The authors have to narrow the focus of the paper to predicting the violation of only three articles set out in the European Convention of Human Rights. On the one hand this is done to prevent data scarcity: the chosen articles provided the most data. On the other, it limits the representability of the study and its results: the high overall accuracy of 79 percent does not represent the ability to reliably predict the outcome of any case that comes to the ECHR.

A second simplification can be found in the relatively simple feature set and ML approach taken by the authors. A comparison of different feature sets and ML algorithm could provide more insight into using court cases as a corpus for training.

In addition to the pitfalls that we have described there are more explicit lessons to be learned from the 2016 paper. A large section is dedicated to the distinctive structure of court judgments. This structure is not incidental but adheres to Rules of the Court [7], which guarantees the presence of distinct textual sections with a standardized order. Although this structure is not as standard in the Dutch court rulings, some order to the

(16)

textual sections is still provided depending on the type of court case (for examples see [8] and [9]).

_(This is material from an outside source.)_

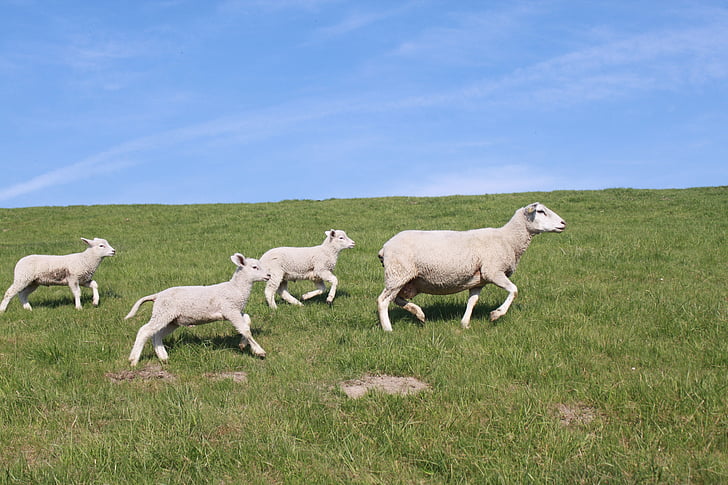 domba, domba tanggul, hewan, tanggul, Nordfriesland, padang rumput, pertanian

2.2.2 Simple domain adaptation

It makes sense to use the structure that is specific to our legal data to better predict applicable laws. Similarly, it makes sense to adapt to domain-specific language. Court transcriptions do not follow the same conventions as other domains. Sentences often include excessive enumerations to account for all possibilities and uncertainties in a described situation (Figure 2.1). Legal texts are also riddled with elements that would not be expected in conventional text like references to other cases or legal jargon (Figure 2.2).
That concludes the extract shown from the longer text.